Extracted records:
↓↓↓

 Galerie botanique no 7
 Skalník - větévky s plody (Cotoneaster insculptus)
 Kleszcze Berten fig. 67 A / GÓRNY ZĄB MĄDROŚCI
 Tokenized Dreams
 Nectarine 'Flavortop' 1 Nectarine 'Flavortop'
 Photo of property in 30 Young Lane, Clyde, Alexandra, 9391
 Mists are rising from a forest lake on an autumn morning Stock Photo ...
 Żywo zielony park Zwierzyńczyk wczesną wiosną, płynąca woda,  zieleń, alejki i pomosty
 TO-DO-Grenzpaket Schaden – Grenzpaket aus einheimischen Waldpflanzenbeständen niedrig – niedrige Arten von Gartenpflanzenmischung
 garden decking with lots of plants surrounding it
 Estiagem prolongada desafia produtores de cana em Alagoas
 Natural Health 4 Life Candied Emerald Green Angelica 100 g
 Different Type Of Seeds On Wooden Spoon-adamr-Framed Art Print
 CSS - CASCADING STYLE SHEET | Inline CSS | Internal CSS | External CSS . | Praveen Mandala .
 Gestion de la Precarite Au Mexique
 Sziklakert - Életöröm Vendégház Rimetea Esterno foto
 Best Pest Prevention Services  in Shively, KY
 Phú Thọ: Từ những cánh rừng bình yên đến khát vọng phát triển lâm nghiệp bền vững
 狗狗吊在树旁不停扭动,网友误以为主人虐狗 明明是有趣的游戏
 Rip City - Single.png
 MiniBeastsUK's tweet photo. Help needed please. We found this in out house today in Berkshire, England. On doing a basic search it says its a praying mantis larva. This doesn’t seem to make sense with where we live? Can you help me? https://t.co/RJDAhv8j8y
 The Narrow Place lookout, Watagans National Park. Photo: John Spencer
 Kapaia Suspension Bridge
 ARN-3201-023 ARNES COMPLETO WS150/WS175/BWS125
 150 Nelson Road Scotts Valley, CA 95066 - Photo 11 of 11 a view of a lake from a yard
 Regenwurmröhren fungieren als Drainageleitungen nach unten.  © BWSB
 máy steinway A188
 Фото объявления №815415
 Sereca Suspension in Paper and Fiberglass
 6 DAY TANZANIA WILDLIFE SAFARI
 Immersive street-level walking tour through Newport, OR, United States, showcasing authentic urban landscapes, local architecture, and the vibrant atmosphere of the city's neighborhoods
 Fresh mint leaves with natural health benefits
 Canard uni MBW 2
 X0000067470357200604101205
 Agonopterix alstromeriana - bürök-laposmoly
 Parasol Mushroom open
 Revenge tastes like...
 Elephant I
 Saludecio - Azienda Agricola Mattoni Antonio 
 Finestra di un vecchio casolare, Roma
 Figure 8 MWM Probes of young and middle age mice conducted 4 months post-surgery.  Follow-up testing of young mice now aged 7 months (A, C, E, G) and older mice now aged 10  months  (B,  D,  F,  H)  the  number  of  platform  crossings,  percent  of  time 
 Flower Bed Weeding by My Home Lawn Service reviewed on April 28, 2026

↑↑↑

## [Task description]
Search the data above for the string "Suspension" and copy each line that has it.

## [Answer to this task]
 Kapaia Suspension Bridge
 Sereca Suspension in Paper and Fiberglass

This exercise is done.